Records excerpted from a collection

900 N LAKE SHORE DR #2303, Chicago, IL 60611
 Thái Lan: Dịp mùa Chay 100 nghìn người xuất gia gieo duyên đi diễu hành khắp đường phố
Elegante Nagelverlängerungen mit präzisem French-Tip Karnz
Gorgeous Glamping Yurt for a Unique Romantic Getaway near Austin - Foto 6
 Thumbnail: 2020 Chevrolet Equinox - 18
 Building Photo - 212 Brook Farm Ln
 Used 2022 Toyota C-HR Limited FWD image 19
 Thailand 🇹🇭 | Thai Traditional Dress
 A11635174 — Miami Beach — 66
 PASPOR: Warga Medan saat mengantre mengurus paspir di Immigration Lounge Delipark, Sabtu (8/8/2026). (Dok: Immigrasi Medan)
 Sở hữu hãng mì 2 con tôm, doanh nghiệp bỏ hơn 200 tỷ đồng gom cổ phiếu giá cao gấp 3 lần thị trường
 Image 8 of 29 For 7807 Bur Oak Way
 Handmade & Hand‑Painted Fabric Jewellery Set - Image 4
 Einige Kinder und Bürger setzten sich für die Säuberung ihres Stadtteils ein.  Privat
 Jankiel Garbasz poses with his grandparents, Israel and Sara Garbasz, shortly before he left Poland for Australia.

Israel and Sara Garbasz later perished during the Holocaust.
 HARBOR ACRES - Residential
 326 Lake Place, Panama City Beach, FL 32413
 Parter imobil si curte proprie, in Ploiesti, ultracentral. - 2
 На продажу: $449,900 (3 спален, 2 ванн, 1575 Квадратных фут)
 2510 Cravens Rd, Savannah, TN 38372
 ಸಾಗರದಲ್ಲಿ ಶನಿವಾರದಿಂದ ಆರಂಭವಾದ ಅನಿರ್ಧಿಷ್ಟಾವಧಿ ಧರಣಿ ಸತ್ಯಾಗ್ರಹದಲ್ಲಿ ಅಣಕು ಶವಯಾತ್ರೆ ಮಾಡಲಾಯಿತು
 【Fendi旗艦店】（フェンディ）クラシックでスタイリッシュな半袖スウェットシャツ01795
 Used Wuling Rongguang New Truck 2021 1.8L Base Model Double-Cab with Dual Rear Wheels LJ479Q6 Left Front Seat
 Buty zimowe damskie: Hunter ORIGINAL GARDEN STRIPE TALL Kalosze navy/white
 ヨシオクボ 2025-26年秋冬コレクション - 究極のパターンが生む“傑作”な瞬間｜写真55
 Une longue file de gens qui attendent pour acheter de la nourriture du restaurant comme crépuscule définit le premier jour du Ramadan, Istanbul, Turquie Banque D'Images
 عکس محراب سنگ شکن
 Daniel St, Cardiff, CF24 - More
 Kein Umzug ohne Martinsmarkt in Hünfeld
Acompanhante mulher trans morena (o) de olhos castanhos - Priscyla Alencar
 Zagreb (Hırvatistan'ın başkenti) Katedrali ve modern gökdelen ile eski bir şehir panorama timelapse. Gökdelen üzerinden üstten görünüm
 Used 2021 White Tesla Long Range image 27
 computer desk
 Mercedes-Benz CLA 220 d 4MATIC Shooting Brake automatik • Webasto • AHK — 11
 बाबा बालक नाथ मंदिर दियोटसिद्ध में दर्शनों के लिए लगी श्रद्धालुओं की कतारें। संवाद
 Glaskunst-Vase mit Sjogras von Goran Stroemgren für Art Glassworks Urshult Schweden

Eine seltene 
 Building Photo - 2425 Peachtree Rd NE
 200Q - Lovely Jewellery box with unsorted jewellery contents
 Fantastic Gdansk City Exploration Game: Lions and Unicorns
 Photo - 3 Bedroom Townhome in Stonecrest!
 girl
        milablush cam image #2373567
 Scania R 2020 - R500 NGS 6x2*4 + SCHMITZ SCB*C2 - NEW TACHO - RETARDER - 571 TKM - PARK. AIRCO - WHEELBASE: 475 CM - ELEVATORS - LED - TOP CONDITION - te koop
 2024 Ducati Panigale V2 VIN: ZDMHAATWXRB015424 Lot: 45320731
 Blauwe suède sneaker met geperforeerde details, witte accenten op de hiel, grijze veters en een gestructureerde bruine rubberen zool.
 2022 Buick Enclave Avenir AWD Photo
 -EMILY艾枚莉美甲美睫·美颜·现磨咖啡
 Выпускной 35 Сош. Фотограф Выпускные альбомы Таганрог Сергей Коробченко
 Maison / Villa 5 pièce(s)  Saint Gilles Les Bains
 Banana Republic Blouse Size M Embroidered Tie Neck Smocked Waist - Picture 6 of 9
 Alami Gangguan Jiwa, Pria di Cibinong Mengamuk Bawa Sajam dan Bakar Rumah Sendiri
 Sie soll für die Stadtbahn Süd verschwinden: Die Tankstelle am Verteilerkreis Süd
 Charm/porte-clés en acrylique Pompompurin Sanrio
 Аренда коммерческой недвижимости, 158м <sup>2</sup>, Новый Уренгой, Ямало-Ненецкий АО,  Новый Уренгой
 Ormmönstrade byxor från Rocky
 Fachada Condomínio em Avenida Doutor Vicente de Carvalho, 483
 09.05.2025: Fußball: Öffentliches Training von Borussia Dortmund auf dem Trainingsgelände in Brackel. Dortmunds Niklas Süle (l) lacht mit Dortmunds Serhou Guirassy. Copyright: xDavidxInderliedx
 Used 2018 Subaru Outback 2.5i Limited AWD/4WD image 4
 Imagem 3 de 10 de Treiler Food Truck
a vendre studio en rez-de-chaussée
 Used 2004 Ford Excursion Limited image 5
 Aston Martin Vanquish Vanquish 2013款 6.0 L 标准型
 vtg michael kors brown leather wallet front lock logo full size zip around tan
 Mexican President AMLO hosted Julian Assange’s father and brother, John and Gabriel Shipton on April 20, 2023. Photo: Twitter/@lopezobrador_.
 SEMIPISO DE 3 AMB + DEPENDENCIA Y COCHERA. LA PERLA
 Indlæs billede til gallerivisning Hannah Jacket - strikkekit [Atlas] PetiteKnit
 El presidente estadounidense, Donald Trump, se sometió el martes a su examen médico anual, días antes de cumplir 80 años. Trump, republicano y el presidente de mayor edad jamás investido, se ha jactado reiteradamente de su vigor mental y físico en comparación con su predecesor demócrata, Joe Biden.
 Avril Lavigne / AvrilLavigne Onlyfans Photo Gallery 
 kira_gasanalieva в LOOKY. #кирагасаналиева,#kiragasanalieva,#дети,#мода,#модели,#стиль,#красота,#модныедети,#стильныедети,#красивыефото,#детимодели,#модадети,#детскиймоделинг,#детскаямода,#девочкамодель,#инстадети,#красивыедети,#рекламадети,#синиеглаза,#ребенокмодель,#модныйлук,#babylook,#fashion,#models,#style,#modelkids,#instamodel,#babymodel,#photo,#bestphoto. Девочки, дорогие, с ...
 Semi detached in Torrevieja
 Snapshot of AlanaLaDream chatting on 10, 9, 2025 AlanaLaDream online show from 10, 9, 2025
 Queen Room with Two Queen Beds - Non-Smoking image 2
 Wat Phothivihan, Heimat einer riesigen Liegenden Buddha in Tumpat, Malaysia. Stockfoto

* [What to produce]: Write every entry out again. Leave each one exactly as it is.

* [Result of this exercise]:
900 N LAKE SHORE DR #2303, Chicago, IL 60611
 Thái Lan: Dịp mùa Chay 100 nghìn người xuất gia gieo duyên đi diễu hành khắp đường phố
Elegante Nagelverlängerungen mit präzisem French-Tip Karnz
Gorgeous Glamping Yurt for a Unique Romantic Getaway near Austin - Foto 6
 Thumbnail: 2020 Chevrolet Equinox - 18
 Building Photo - 212 Brook Farm Ln
 Used 2022 Toyota C-HR Limited FWD image 19
 Thailand 🇹🇭 | Thai Traditional Dress
 A11635174 — Miami Beach — 66
 PASPOR: Warga Medan saat mengantre mengurus paspir di Immigration Lounge Delipark, Sabtu (8/8/2026). (Dok: Immigrasi Medan)
 Sở hữu hãng mì 2 con tôm, doanh nghiệp bỏ hơn 200 tỷ đồng gom cổ phiếu giá cao gấp 3 lần thị trường
 Image 8 of 29 For 7807 Bur Oak Way
 Handmade & Hand‑Painted Fabric Jewellery Set - Image 4
 Einige Kinder und Bürger setzten sich für die Säuberung ihres Stadtteils ein.  Privat
 Jankiel Garbasz poses with his grandparents, Israel and Sara Garbasz, shortly before he left Poland for Australia.

Israel and Sara Garbasz later perished during the Holocaust.
 HARBOR ACRES - Residential
 326 Lake Place, Panama City Beach, FL 32413
 Parter imobil si curte proprie, in Ploiesti, ultracentral. - 2
 На продажу: $449,900 (3 спален, 2 ванн, 1575 Квадратных фут)
 2510 Cravens Rd, Savannah, TN 38372
 ಸಾಗರದಲ್ಲಿ ಶನಿವಾರದಿಂದ ಆರಂಭವಾದ ಅನಿರ್ಧಿಷ್ಟಾವಧಿ ಧರಣಿ ಸತ್ಯಾಗ್ರಹದಲ್ಲಿ ಅಣಕು ಶವಯಾತ್ರೆ ಮಾಡಲಾಯಿತು
 【Fendi旗艦店】（フェンディ）クラシックでスタイリッシュな半袖スウェットシャツ01795
 Used Wuling Rongguang New Truck 2021 1.8L Base Model Double-Cab with Dual Rear Wheels LJ479Q6 Left Front Seat
 Buty zimowe damskie: Hunter ORIGINAL GARDEN STRIPE TALL Kalosze navy/white
 ヨシオクボ 2025-26年秋冬コレクション - 究極のパターンが生む“傑作”な瞬間｜写真55
 Une longue file de gens qui attendent pour acheter de la nourriture du restaurant comme crépuscule définit le premier jour du Ramadan, Istanbul, Turquie Banque D'Images
 عکس محراب سنگ شکن
 Daniel St, Cardiff, CF24 - More
 Kein Umzug ohne Martinsmarkt in Hünfeld
Acompanhante mulher trans morena (o) de olhos castanhos - Priscyla Alencar
 Zagreb (Hırvatistan'ın başkenti) Katedrali ve modern gökdelen ile eski bir şehir panorama timelapse. Gökdelen üzerinden üstten görünüm
 Used 2021 White Tesla Long Range image 27
 computer desk
 Mercedes-Benz CLA 220 d 4MATIC Shooting Brake automatik • Webasto • AHK — 11
 बाबा बालक नाथ मंदिर दियोटसिद्ध में दर्शनों के लिए लगी श्रद्धालुओं की कतारें। संवाद
 Glaskunst-Vase mit Sjogras von Goran Stroemgren für Art Glassworks Urshult Schweden

Eine seltene 
 Building Photo - 2425 Peachtree Rd NE
 200Q - Lovely Jewellery box with unsorted jewellery contents
 Fantastic Gdansk City Exploration Game: Lions and Unicorns
 Photo - 3 Bedroom Townhome in Stonecrest!
 girl
        milablush cam image #2373567
 Scania R 2020 - R500 NGS 6x2*4 + SCHMITZ SCB*C2 - NEW TACHO - RETARDER - 571 TKM - PARK. AIRCO - WHEELBASE: 475 CM - ELEVATORS - LED - TOP CONDITION - te koop
 2024 Ducati Panigale V2 VIN: ZDMHAATWXRB015424 Lot: 45320731
 Blauwe suède sneaker met geperforeerde details, witte accenten op de hiel, grijze veters en een gestructureerde bruine rubberen zool.
 2022 Buick Enclave Avenir AWD Photo
 -EMILY艾枚莉美甲美睫·美颜·现磨咖啡
 Выпускной 35 Сош. Фотограф Выпускные альбомы Таганрог Сергей Коробченко
 Maison / Villa 5 pièce(s)  Saint Gilles Les Bains
 Banana Republic Blouse Size M Embroidered Tie Neck Smocked Waist - Picture 6 of 9
 Alami Gangguan Jiwa, Pria di Cibinong Mengamuk Bawa Sajam dan Bakar Rumah Sendiri
 Sie soll für die Stadtbahn Süd verschwinden: Die Tankstelle am Verteilerkreis Süd
 Charm/porte-clés en acrylique Pompompurin Sanrio
 Аренда коммерческой недвижимости, 158м <sup>2</sup>, Новый Уренгой, Ямало-Ненецкий АО,  Новый Уренгой
 Ormmönstrade byxor från Rocky
 Fachada Condomínio em Avenida Doutor Vicente de Carvalho, 483
 09.05.2025: Fußball: Öffentliches Training von Borussia Dortmund auf dem Trainingsgelände in Brackel. Dortmunds Niklas Süle (l) lacht mit Dortmunds Serhou Guirassy. Copyright: xDavidxInderliedx
 Used 2018 Subaru Outback 2.5i Limited AWD/4WD image 4
 Imagem 3 de 10 de Treiler Food Truck
a vendre studio en rez-de-chaussée
 Used 2004 Ford Excursion Limited image 5
 Aston Martin Vanquish Vanquish 2013款 6.0 L 标准型
 vtg michael kors brown leather wallet front lock logo full size zip around tan
 Mexican President AMLO hosted Julian Assange’s father and brother, John and Gabriel Shipton on April 20, 2023. Photo: Twitter/@lopezobrador_.
 SEMIPISO DE 3 AMB + DEPENDENCIA Y COCHERA. LA PERLA
 Indlæs billede til gallerivisning Hannah Jacket - strikkekit [Atlas] PetiteKnit
 El presidente estadounidense, Donald Trump, se sometió el martes a su examen médico anual, días antes de cumplir 80 años. Trump, republicano y el presidente de mayor edad jamás investido, se ha jactado reiteradamente de su vigor mental y físico en comparación con su predecesor demócrata, Joe Biden.
 Avril Lavigne / AvrilLavigne Onlyfans Photo Gallery 
 kira_gasanalieva в LOOKY. #кирагасаналиева,#kiragasanalieva,#дети,#мода,#модели,#стиль,#красота,#модныедети,#стильныедети,#красивыефото,#детимодели,#модадети,#детскиймоделинг,#детскаямода,#девочкамодель,#инстадети,#красивыедети,#рекламадети,#синиеглаза,#ребенокмодель,#модныйлук,#babylook,#fashion,#models,#style,#modelkids,#instamodel,#babymodel,#photo,#bestphoto. Девочки, дорогие, с ...
 Semi detached in Torrevieja
 Snapshot of AlanaLaDream chatting on 10, 9, 2025 AlanaLaDream online show from 10, 9, 2025
 Queen Room with Two Queen Beds - Non-Smoking image 2
 Wat Phothivihan, Heimat einer riesigen Liegenden Buddha in Tumpat, Malaysia. Stockfoto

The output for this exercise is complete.